Головачев поднял глаза, в них была глубокая печаль. Он терзал себя и меня в придачу. Я приподнялся с подушки и сел.
— Ты хочешь сказать, лейтенант, что я мог удержать тебя?
— Возможно...— тихо ответил он.
— Но ты мог послать меня подальше...
— Этого я бы себе не позволил...
— Наверняка, не послушался бы, тем более после истории с кочубеевцами. Я ведь знаю, что не все тогда одобрили мой поступок.
Теперь молчал он.
— Когда выступаем?
— Завтра ночью.
— Снова будем форсировать железку?
— Да. Кричев — Могилев. Там еще опаснее, чем в Темном бору.
— Почему?
— Совсем недавно люди Ивана Матяша взорвали несколько километров рельсов и спилили телеграфные столбы. Злые как собаки фашисты несколько дней потратили на восстановление. Мертвой была железка, а на шоссейках партизаны хозяйничали. Знаете, как теперь охраняют, с боем переходить придется.
Головачев ушел.
Снова эта проклятущая железка. Как перейду? На чем поеду? Одного коня потерял, а кто даст другого?
Наверно, проспал бы я не только день, но и всю ночь, да хозяйка разбудила под вечер.
В сумерки меня навестил капитан Назаров, принес узкоплечую, коротенькую серую шинелишку и мягкую фетровую шляпу.
— Ничего другого не нашлось, а ночи прохладные стали. Зато шляпа какая! — восторженно проговорил мой новый друг.
Ну что ж, шляпа так шляпа... Надел первый раз в жизни. Фуражки, кепки разные, пилотки, папахи носил, а вот шляпы — никогда. Брюки с леями, куцая, до колен, солдатская шинель, модная шляпа с загнутыми полями — ну и вид у меня! Прошелся по горнице и первый раз за эти два последних дня вызвал у товарищей смех, не подозревая, какие огорчения и невзгоды ожидают меня впереди в этом нелепом наряде...
На следующий день мы стриглись и брились у доморощенного парикмахера Терентия, мылись в бане.
Намазав хозяйским дегтем сапоги, почистив ваксой свои кавалерийские леи, разгладил щегольскую шляпу и в таком виде отправился представиться командованию батальона, а заодно попросить верховую лошадь, зайти в санитарную часть и поблагодарить медика.
Штаб батальона находился за речушкой. Не дойдя нескольких шагов до деревянной кладки, нос к носу встретился на тропинке с кочубеевцем, младшим лейтенантом Солдатовым.
— Ого! Мое вам нижайшее, товарищ гвардии старший лейтенант! Убей меня бог, не узнал бы! Живой и в шляпе! — Озорной нос Солдатова сморщился от смеха.— Здравствуйте!
— Здравствуй! — Мы пожали друг другу руки.
— Ну как, наломали вам бока-то? А то не поехал с нами... ускакал...— корил меня он.— Плохо ребят своих вел...
— Да уж хуже некуда...
— А вот мы прошли за милую душу, без единого выстрела. Чего взбеленился? Столько пережил всякого, башку мог потерять ни за грош. Где буланый конь твой? Молчишь? Такого буланка загубили, даже проехаться не дал...

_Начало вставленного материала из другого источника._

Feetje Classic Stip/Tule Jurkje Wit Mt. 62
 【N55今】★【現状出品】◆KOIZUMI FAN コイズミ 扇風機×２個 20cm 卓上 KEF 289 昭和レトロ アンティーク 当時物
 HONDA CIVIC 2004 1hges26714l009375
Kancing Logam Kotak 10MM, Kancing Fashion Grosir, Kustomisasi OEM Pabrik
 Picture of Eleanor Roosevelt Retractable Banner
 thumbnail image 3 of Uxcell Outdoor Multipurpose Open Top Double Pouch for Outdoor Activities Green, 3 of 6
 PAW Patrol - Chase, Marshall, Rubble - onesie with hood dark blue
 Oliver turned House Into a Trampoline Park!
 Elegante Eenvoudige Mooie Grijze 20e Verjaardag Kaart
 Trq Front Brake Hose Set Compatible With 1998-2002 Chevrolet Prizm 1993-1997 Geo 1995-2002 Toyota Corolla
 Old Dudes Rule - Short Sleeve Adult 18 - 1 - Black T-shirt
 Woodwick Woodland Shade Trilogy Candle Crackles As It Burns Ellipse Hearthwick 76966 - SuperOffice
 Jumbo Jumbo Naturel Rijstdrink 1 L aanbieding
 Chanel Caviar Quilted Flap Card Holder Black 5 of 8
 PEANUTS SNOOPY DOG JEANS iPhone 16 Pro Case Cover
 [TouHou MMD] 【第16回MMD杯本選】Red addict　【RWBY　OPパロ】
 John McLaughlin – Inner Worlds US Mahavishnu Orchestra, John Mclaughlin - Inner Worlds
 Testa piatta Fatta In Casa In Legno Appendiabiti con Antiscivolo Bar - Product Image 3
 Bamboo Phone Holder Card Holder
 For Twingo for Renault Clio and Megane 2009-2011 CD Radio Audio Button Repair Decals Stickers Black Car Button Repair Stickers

Солдатов был возбужден, доволен не только собой, но и всем белым светом, голубые глаза искрились, широкие ноздри раздувались.
Радуясь этой неожиданной встрече, я спросил:
— А почему вы здесь задержались?
— Как почему? Вас поджидали! Эту железку одному запросто не проскочить. Назаров пришел со своими орлами. Вечером демидовцы подойдут. Большой-то группой легче, а фрицы тоже побаиваются нашего перца. Ну, привет! Ты на нас не серчай. Будем друзьями. Я к тебе в госпиталь приду. Бывай!
Солдатов помахал мне рукой и, придерживая болтающийся на боку пистолет в матерчатой кобуре, побежал по тропинке.
Я остался на берегу заросшей осокой речушки...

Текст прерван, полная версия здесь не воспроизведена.